Né dans les années 60, Fang Linjun est l’un des artistes les plus représentatifs de la scène artistique chinoise d’aujourd’hui. La galerie de France expose ses gravures sur bois aux formats monumentaux, des images puissantes où se lisent les tensions d’une société en pleine mutation sociale et culturelle.

La figure humaine, centrale dans toutes les compositions paraît sans cesse soumise à des puissances extérieures contraignantes. Grimaçants, jamais apaisés, on ne sait si ces visages crient de douleur ou d’indignation. Leur stylisation, vigoureuse et synthétique ne fait jamais ressortir la singularité de leurs traits mais en exacerbe efficacement l’expressivité.

Une immense gravure marouflée sur papier représente un visage solitaire émergeant d’une mer houleuse. On ne sait s’il surnage ou s’il se noie dans cet océan qu’aucune ligne d’horizon ne limite. Les couleurs employés pour le traitement du visage, similaires à celles du fond renforcent cette impression.

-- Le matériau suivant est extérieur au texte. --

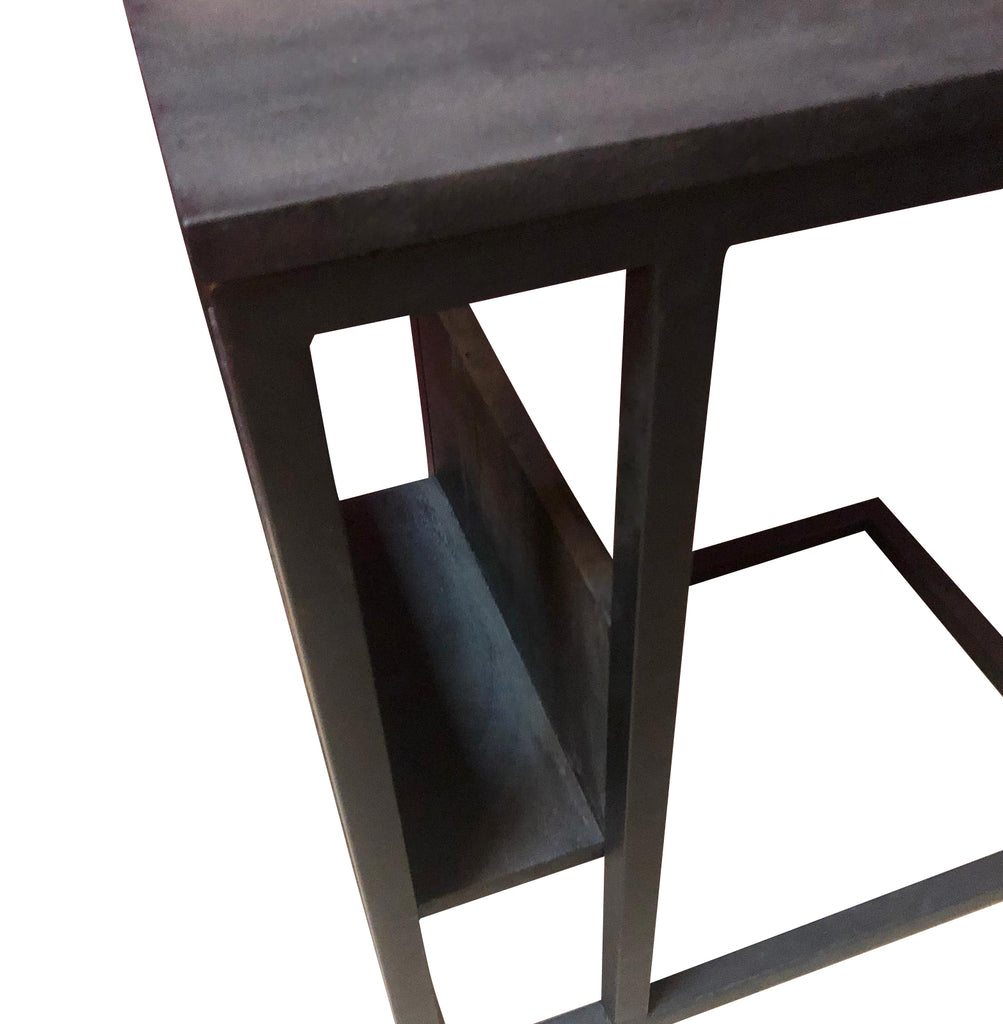 Beistelltisch Slider Schwarz 48x32x53 cm – Mangoholz sandgestrahlt mit Metallgestell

La tension particulière des œuvres de Linjun procède très souvent de cette relation de la figure au fond, du rapport de l’un au multiple. Les visages semblent parfois se dissoudre dans le fond au risque d’en perdre leur contour, comme autant d’individualités noyées dans la foule.

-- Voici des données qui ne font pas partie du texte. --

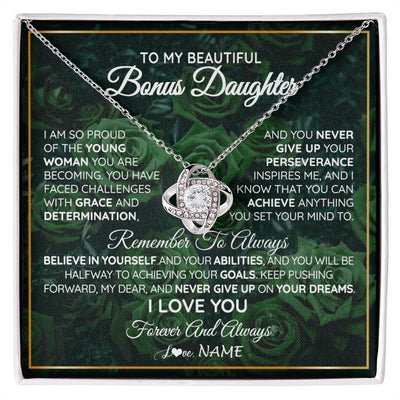 Love Knot Necklace 14K White Gold Finish | Personalized To My Beautiful Bonus Daughter Necklace From Stepmom Stepdad Never Give Up Birthday Graduation Motivational Quote Customized Gift Box Message Card | teecentury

Difficile de ne pas voir en ces œuvres une résonance à la fois politique et métaphysique.
Les compositions houleuses et mouvementées de Linjun traduisent l’affrontement de l’individu au sein d’une réalité nouvelle : celle de la Chine s’ouvrant au libéralisme, engendrant la transformation progressive d’une structure sociale extrêmement rigide qui prévalait jusqu’alors. Au regard de l’économie libérale, la valeur de l’individu est éminemment centrale, mais elle n’est pas sans générer angoisse et vertige au sein d’une culture de tradition collectiviste, jetant l’individu dans de nouveaux possibles. Que privilégier alors ? Comment se situer entre ces vents contraires ?

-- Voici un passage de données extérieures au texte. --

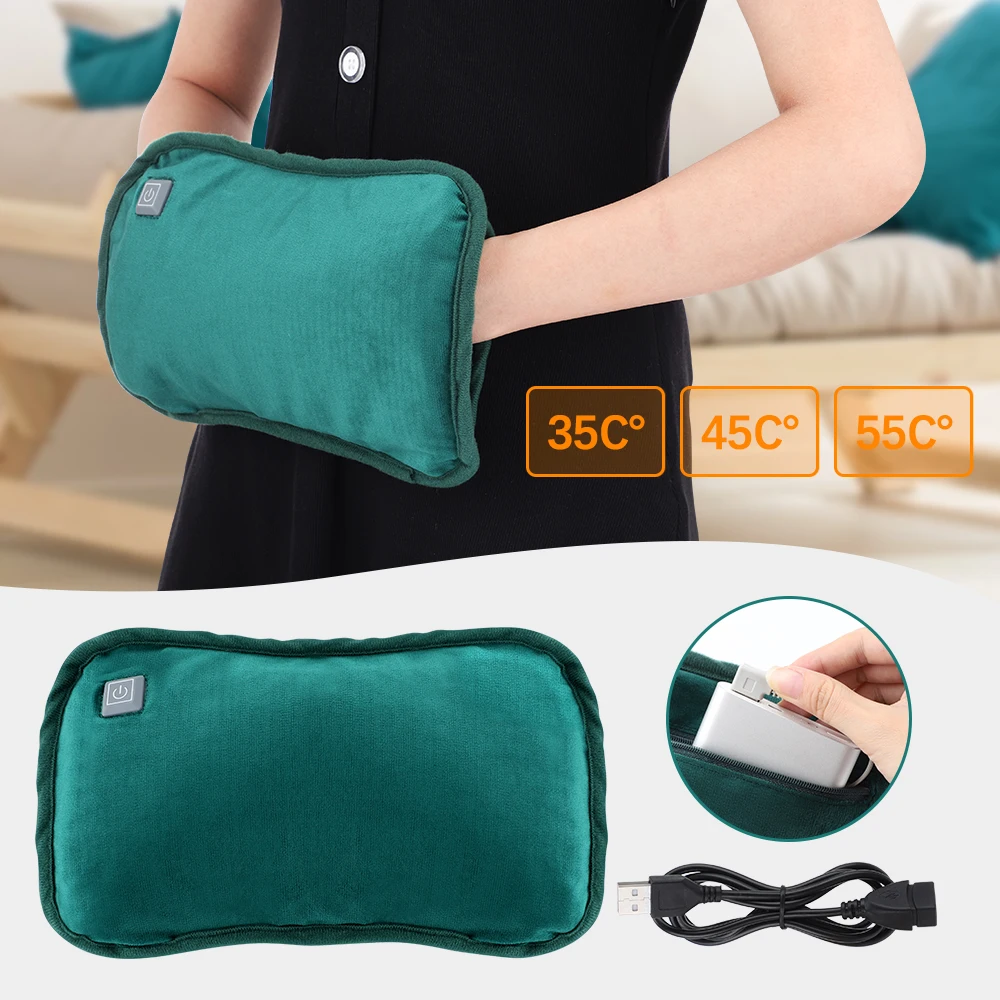 Грелка для рук Электрическая с USB-подогревом, фланелевая теплая сумка с графеновым подогревом, переносной складной чемоданчик для офиса и дома, для зимы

Sans doute est-ce pour cela que nombre de jeunes artistes chinois situent aujourd’hui le portrait, la représentation, peinte ou photographiée, de visages au centre de leurs préoccupations plastiques, interrogeant ce qu’une tradition artistique millénaire, occupée à exprimer l’harmonie de la nature, a toujours occulté : la question de l’individu, la construction de son identité, son rapport à autrui et au monde.